Casual Hatred

War propaganda during World War II:

War propaganda today:

Notice the generalization and dehumanization. All Japs are rats. All cops are pigs (and bastards—over half a billion views of TikTok videos with the hashtag #ACAB). Nothing new under the sun. Politics is holy war. Always has been, always will be.

Cops have done a lot of awful things. (So had the Japanese.) Cops have done awful things to people I know and love. I’m not interested in defending them across the board. There are many problems with the American criminal justice system (police union privileges and “overprisoning” come to mind), and people continue to die because those problems haven’t been fixed.

But this blog post isn’t about policy. It’s about casual hatred.

I read this Facebook post recently. (This one, too.) The whole thing is worth a read. It’s a Seattle cop describing the hatred he’s seen at recent protests. Black cops “called traitors, Uncle Toms, and the N word, by white people.” “I don’t know how to reckon with the fact that I could lose my life trying to protect a city that will protest my funeral and cheer when I’m laid in the ground.” (Police suicides shot up 33% from 2018 to 2019. I wonder how much more they’ll go up in 2020.)

I’m not in Seattle, but I see the same hatred on my social media feeds, mostly from white Millennials. #ACAB, “f— the police,” “pigs in a blanket, fry ’em like bacon.” It’s a casual hatred (even lighthearted), and it’s rationalized in all kinds of ways. War has a way of doing that, rationalizing hatred. The Nazis rationalized their hatred, too.

The chances you or I can bring about meaningful policy changes are roughly 0%. The chances we can bring about meaningful heart changes—in ourselves, in our families and friends—are higher. And heart changes, Jesus teaches us, involve more than loving our neighbors. They involve loving our enemies, too.
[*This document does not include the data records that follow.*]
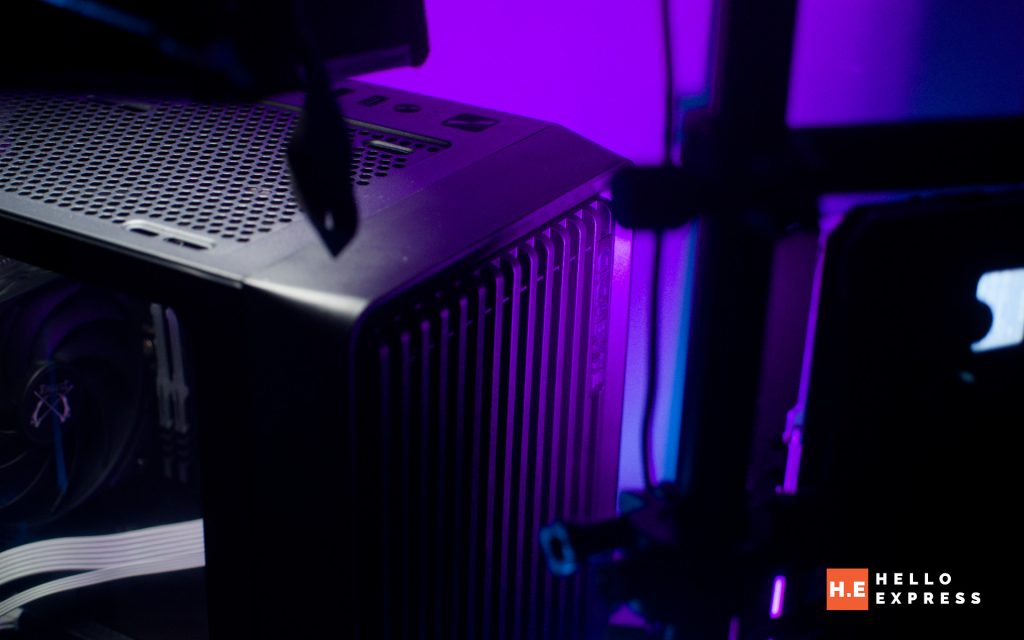 image of GIGABYTE C103 GLASS Review: A Practical Mid-Tower Choice - HelloExpress - 5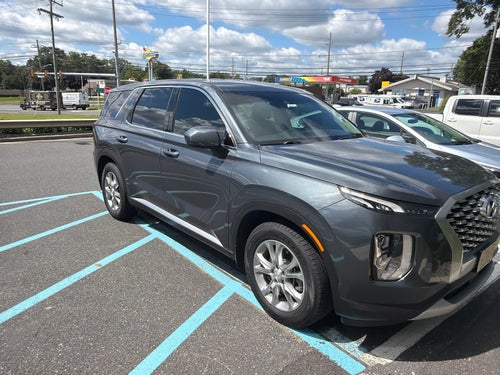 2021 Hyundai PALISADE SE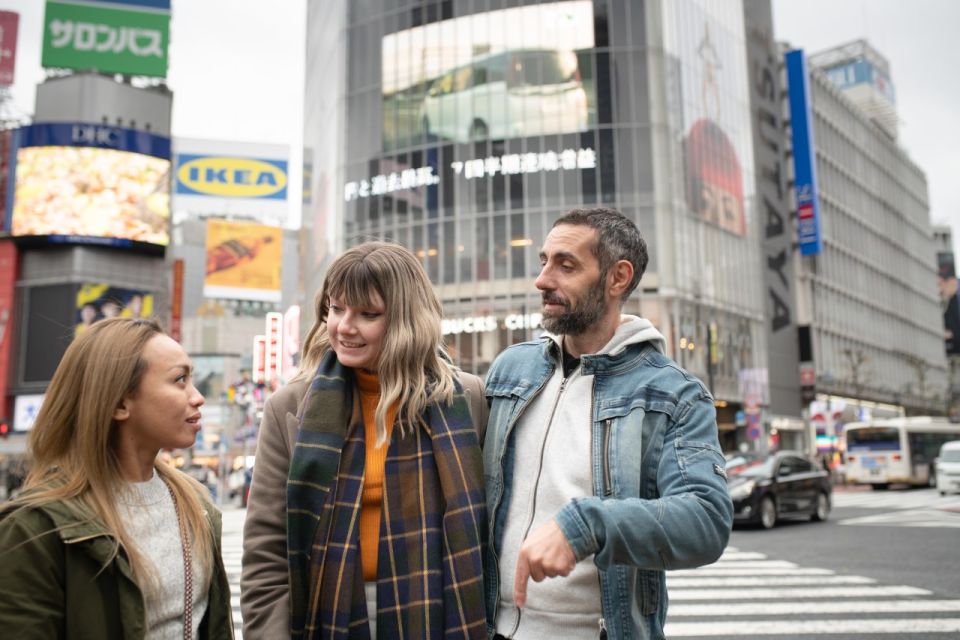Shibuya & Harajuku: Hidden Gems & Highlights Private Tour - Key Things That Make This Tour Worth Your Time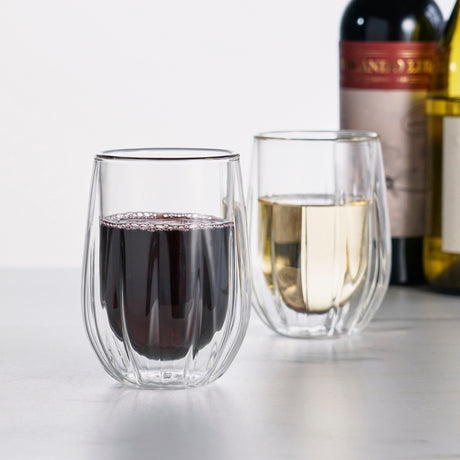 Double-walled-wine-glasses-viski®-Wine-Glasses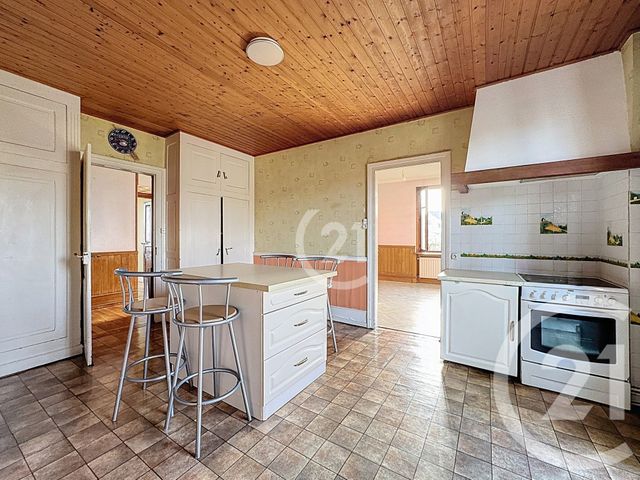 Appartement T4 &agrave; vendre - 4 pi&egrave;ces - 86,90 m2 - Valentigney - 25 - FRANCHE-COMTE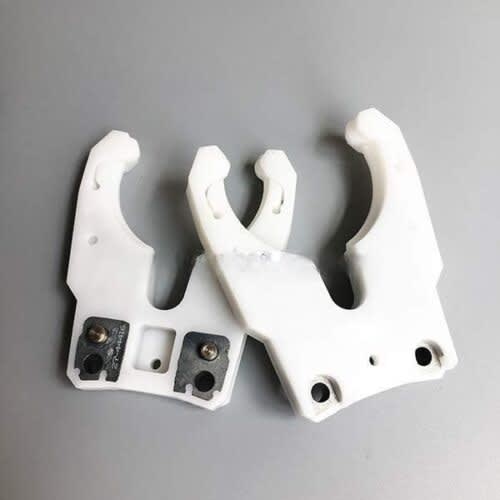 ISO30 Tool Holder Forks Plastic Tool Clips for CNC Robotics - Spindle Accessories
The easiest way to rationalize hatred for our enemies is to recast it as love for our neighbors. War has a way of getting us to lie to ourselves like that. The solution isn’t to stop loving our neighbors. It is to start loving our enemies.

You know who your enemies are. If you’re on the Left, your enemies are most likely cops, Trump supporters, “white supremacists.” If you’re on the Right, most likely illegal immigrants, “SJWs,” the Blue Establishment. It’s all hatred, it’s all spiritual poison, none of it can be justified.

Love your enemies. That doesn’t mean empower them or let them act unjustly with impunity. It does mean pray for them, don’t demonize them, try to understand them, forgive them. Not because they’re good (though many of them are). Because “while we were yet sinners, Christ died for us.”